▶ DATASET

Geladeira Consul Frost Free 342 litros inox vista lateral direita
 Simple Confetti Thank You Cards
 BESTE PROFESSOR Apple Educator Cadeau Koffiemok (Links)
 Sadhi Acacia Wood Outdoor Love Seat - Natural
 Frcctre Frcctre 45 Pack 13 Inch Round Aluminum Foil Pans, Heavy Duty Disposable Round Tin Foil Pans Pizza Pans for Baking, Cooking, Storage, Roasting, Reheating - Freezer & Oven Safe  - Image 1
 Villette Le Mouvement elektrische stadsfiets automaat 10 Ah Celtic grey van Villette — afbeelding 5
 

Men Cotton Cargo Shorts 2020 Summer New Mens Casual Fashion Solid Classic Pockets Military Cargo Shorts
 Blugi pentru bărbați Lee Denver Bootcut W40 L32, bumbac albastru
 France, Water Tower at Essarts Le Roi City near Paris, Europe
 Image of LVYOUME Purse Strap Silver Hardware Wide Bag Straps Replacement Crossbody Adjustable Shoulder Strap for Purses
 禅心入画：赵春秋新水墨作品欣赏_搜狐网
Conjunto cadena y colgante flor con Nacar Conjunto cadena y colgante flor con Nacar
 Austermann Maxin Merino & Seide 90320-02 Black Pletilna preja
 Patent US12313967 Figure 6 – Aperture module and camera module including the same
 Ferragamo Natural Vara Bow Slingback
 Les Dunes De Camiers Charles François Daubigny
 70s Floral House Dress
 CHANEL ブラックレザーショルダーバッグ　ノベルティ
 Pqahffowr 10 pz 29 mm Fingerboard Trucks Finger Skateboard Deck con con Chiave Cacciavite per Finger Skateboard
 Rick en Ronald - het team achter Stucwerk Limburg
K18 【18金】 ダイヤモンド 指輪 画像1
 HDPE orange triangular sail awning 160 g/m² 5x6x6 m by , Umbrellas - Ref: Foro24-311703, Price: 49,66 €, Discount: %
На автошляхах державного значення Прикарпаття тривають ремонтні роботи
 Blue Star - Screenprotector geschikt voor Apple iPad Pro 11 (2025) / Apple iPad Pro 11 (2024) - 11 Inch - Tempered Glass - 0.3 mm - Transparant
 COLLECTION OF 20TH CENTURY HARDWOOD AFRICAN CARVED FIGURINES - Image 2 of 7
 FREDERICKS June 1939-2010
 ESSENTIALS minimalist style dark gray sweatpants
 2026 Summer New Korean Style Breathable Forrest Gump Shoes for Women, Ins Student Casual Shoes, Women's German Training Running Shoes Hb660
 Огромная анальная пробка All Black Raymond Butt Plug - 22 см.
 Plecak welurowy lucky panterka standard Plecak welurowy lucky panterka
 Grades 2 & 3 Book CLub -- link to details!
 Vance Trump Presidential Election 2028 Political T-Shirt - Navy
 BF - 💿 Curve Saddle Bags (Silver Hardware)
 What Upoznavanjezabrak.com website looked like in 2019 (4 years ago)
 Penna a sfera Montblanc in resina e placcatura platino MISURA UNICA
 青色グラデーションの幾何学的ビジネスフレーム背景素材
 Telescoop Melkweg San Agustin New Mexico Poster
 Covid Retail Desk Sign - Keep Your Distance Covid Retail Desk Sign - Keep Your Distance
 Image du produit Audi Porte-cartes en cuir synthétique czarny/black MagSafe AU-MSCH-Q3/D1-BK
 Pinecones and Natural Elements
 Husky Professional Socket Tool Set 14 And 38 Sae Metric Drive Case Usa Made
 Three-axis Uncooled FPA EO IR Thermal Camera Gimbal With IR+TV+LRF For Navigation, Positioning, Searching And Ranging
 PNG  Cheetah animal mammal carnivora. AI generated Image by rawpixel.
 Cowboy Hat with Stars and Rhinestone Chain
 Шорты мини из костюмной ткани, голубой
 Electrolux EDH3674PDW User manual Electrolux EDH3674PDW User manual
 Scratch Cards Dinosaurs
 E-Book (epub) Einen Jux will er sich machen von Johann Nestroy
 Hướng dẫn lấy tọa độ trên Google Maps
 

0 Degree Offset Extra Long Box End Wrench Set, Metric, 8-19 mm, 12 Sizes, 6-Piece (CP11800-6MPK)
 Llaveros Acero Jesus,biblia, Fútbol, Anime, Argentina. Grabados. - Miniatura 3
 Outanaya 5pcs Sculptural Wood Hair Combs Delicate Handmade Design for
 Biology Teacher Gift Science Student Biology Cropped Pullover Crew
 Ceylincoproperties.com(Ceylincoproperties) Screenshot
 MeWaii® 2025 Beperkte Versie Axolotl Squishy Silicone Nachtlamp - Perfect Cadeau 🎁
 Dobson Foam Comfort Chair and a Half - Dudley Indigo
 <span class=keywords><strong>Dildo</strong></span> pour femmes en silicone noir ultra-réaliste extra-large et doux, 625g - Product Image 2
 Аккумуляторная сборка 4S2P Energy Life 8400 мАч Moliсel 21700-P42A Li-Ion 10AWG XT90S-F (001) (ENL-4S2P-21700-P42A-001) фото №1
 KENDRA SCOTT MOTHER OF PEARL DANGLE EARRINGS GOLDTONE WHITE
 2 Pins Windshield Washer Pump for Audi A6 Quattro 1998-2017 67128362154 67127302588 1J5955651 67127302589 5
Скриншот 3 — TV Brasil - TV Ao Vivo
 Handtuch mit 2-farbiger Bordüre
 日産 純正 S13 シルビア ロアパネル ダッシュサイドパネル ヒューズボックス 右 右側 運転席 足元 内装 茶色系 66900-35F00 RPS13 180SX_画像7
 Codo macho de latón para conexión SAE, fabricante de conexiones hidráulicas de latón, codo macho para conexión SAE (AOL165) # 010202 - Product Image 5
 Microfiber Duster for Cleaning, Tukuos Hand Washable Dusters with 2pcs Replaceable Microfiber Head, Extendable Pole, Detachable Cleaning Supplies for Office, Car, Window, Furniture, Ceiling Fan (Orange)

▶ PROBLEM DESCRIPTION
Would you please transcribe the lines above exactly, starting with the first line of the material and ending with the line that has "Sadhi Acacia Wood"?

▶ EXERCISE SOLUTION
Geladeira Consul Frost Free 342 litros inox vista lateral direita
 Simple Confetti Thank You Cards
 BESTE PROFESSOR Apple Educator Cadeau Koffiemok (Links)
 Sadhi Acacia Wood Outdoor Love Seat - Natural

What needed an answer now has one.